▶ _Your instructions_
Leave out the pictures and repeat the entries below verbatim.

##########

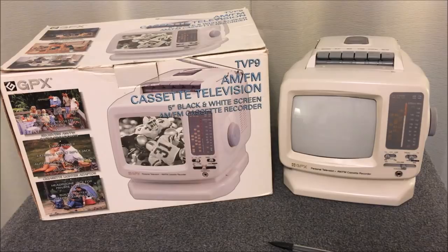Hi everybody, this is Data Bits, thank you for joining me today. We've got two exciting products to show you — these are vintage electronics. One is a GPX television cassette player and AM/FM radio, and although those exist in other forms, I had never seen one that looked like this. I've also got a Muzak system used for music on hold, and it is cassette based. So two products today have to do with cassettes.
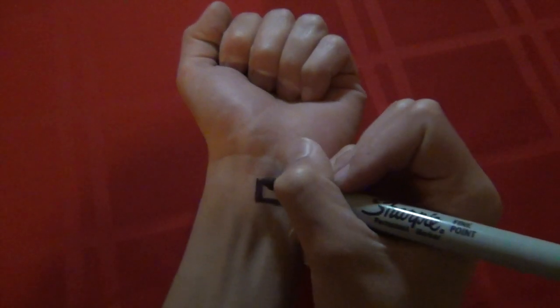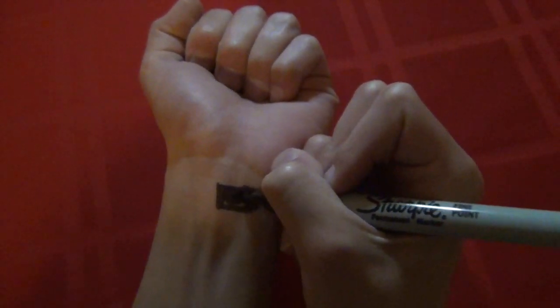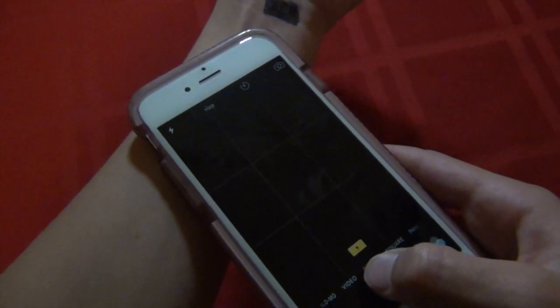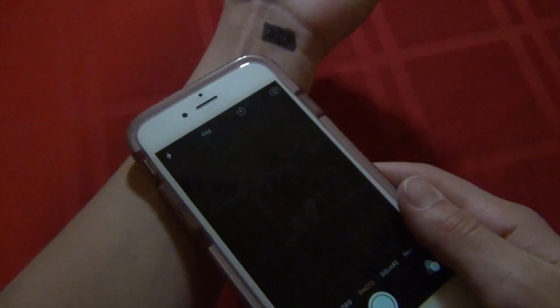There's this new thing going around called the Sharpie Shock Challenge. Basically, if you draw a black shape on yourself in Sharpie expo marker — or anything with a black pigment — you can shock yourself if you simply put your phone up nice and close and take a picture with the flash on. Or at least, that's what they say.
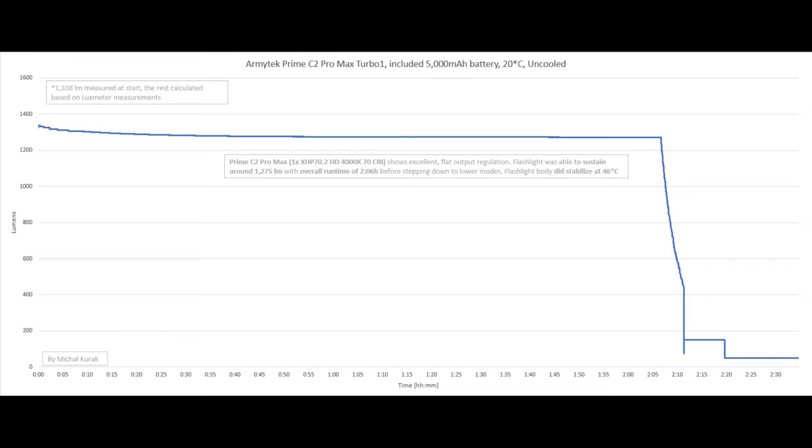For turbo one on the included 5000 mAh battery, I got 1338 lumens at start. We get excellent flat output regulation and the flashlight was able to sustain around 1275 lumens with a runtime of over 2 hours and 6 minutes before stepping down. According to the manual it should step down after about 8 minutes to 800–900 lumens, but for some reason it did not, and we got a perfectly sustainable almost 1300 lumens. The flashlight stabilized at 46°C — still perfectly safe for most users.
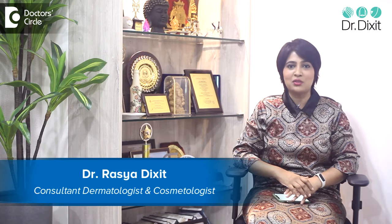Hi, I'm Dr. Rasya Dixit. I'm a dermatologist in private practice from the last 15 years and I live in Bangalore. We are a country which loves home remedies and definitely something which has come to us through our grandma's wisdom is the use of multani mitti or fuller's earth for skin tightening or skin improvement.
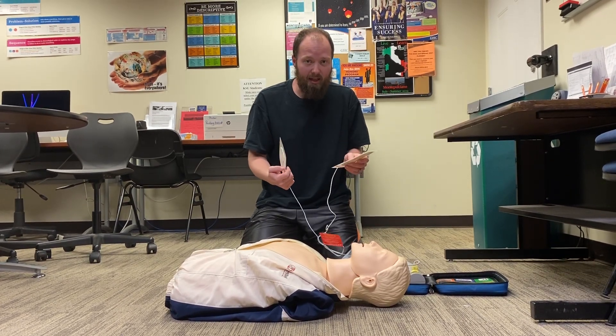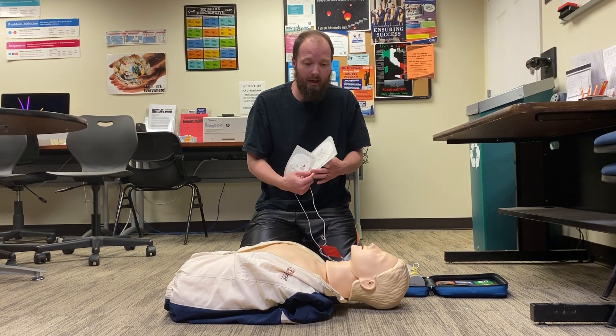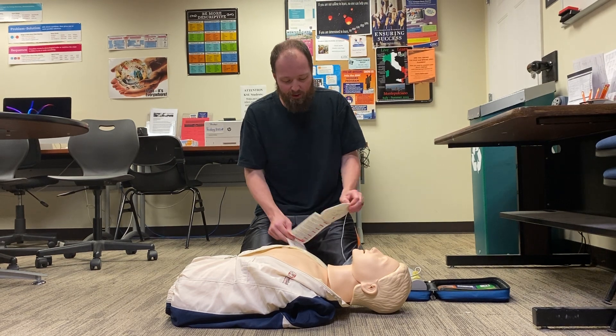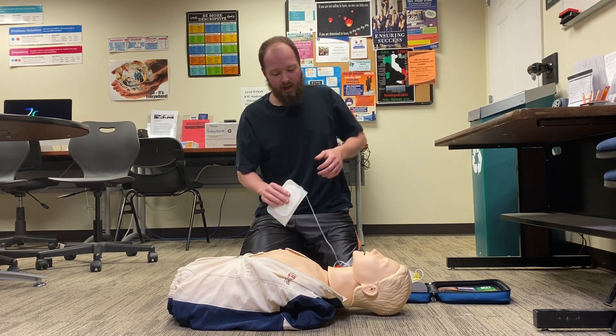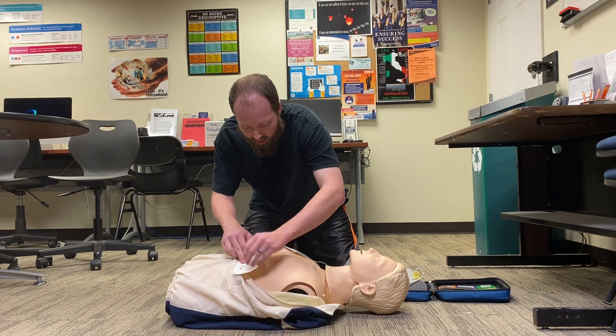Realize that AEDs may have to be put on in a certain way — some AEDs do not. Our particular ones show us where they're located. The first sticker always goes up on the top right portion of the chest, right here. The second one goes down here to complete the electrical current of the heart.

##########

▶ _Response area_
Hi everybody, this is Data Bits, thank you for joining me today. We've got two exciting products to show you — these are vintage electronics. One is a GPX television cassette player and AM/FM radio, and although those exist in other forms, I had never seen one that looked like this. I've also got a Muzak system used for music on hold, and it is cassette based. So two products today have to do with cassettes.
There's this new thing going around called the Sharpie Shock Challenge. Basically, if you draw a black shape on yourself in Sharpie expo marker — or anything with a black pigment — you can shock yourself if you simply put your phone up nice and close and take a picture with the flash on. Or at least, that's what they say.
For turbo one on the included 5000 mAh battery, I got 1338 lumens at start. We get excellent flat output regulation and the flashlight was able to sustain around 1275 lumens with a runtime of over 2 hours and 6 minutes before stepping down. According to the manual it should step down after about 8 minutes to 800–900 lumens, but for some reason it did not, and we got a perfectly sustainable almost 1300 lumens. The flashlight stabilized at 46°C — still perfectly safe for most users.
Hi, I'm Dr. Rasya Dixit. I'm a dermatologist in private practice from the last 15 years and I live in Bangalore. We are a country which loves home remedies and definitely something which has come to us through our grandma's wisdom is the use of multani mitti or fuller's earth for skin tightening or skin improvement.
Realize that AEDs may have to be put on in a certain way — some AEDs do not. Our particular ones show us where they're located. The first sticker always goes up on the top right portion of the chest, right here. The second one goes down here to complete the electrical current of the heart.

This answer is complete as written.